The most important limitation of the present study was parental incommodity to participate in the study, the participants’ lack of time, and the lack of rewards for respondents. As participants may present different characteristics than those who did not participate, it can lead to underestimating or over outcomes. We were able to overcome these problems (non-response bias or non-participant bias) by explaining the study objectives to the participants and using an anonymous questionnaire as well as reassuring them about not registering personal information. Non-response to some questions was checked by the researcher who asked participants to answer all the questions. Also, an educational pamphlet with content on traumatic dental injury management was provided to mothers.

An aspect that can be considered a strength is using a well-designed questionnaire that assessed knowledge and performance regarding dental trauma management. We used a valid and reliable questionnaire that was designed based on the latest guidelines, reference books, and relevant articles.

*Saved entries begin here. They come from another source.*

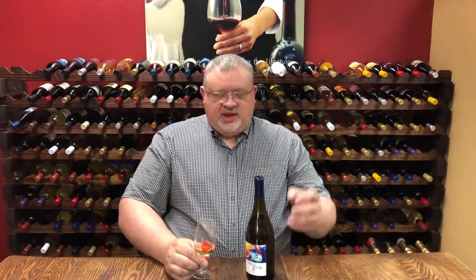These flavors are also coming forward in the attack in the mouth. This is an off-dry wine, still fruity, with also some minerality in the palate, and I really enjoyed this citrusy finish.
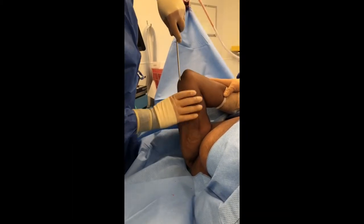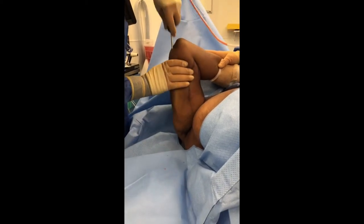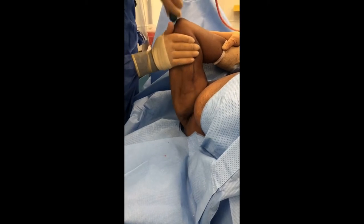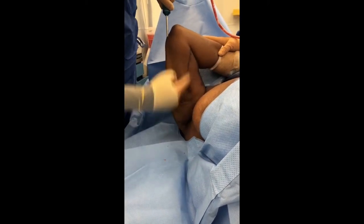The first step in the majority of my arm lifts is going to be posterior arm liposuction. You can see I'm going back and forth behind the arm to get a lot of this fat out and loosen it up, so we get a tighter closure when it's time to remove this arm's skin.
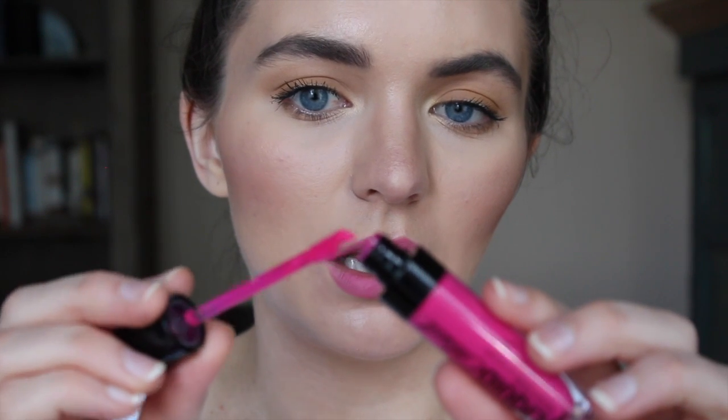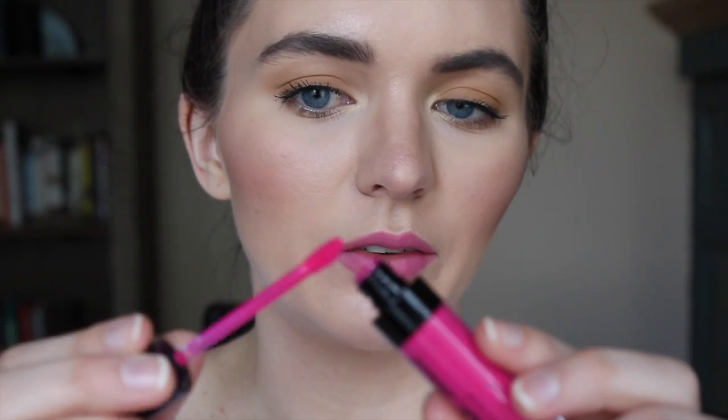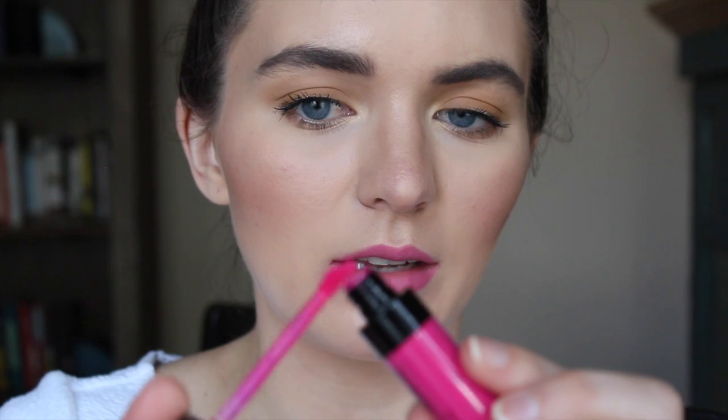I suggest filling in your whole lip because it's easier to see if one side is way over-lined compared to the other. If you fill in the whole lip, you can tell what your lips will look like at the end — you could leave it like this if you wanted. I'm going to take it a step further and add the liquid lipstick, because that's what YouTube is for — to be a little extra. I'm wiping a lot of the excess off the wand.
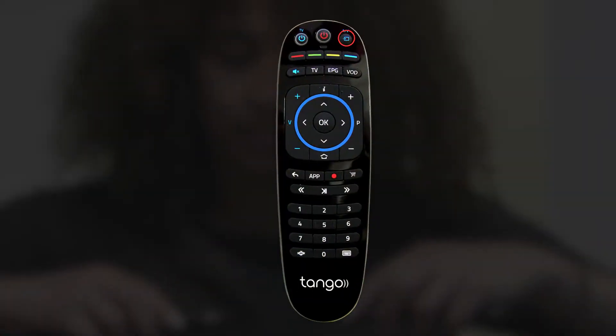Now do the same for the following buttons: Source, Mute, Volume Up, Volume Down.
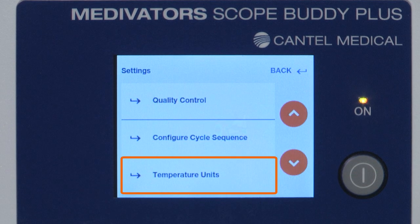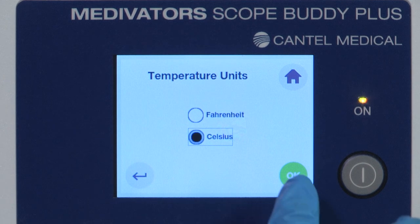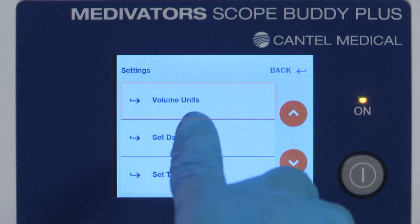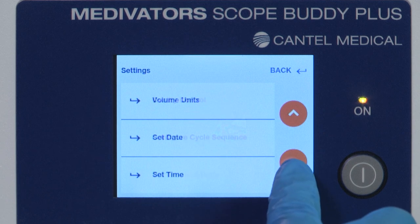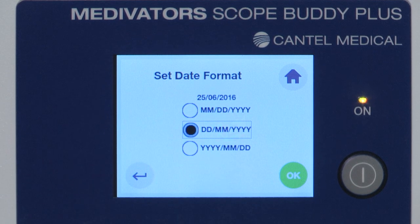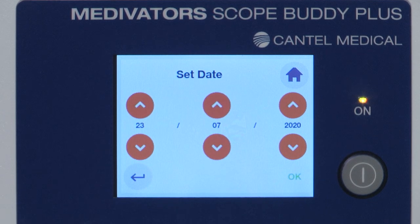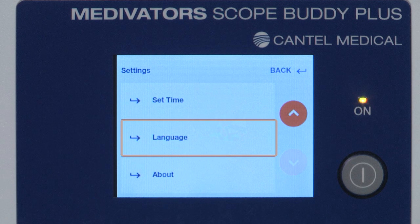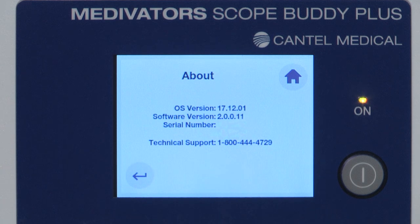The Set Date and Set Time sections adjust the desired date and time format using the option buttons, and adjust the current date and time using the up and down arrows; press OK to confirm. The Language section allows the user to change the user interface language if applicable. The About menu displays information about the device, including hardware, software, serial number, and technical support phone number.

Also, four scenarios of traumatic dental injuries (case design) were designed to assess mothers’ performance in more realistic situations. Therefore, mothers experienced real situations. However, oral health literacy is an important factor that impacts the mother’s performance regarding oral health problems and should consider in future studies.

The questionnaire was long enough to obtain essential information. The simple language of the questions indicated the design of the questionnaire was suitable. Using a system to score the knowledge provide an opportunity to measure and compare knowledge for different categories. In addition, it would able investigators for future comparisons. Evaluation of mothers’ knowledge and perception would help the healthcare providers to design health promotion programs and promote oral health.

Conclusion

The present study considers illustrated that the mothers’ knowledge about dental trauma management administration almost is deficient. In addition, the findings expand on the association between mothers’ knowledge regarding the management of traumatic dental injuries and their education and employment status. However, obviously limited performance was observed. It emphasizes the require for fitting strategies to extend oral health promotion intervention for mothers. The authors recommend oral health education ought to make strides in improving knowledge, attitudes, and performance and eliminating barriers to day-by-day oral health care within the community, especially for mothers. We should develop policies and programs to encourage healthy and protective behavior.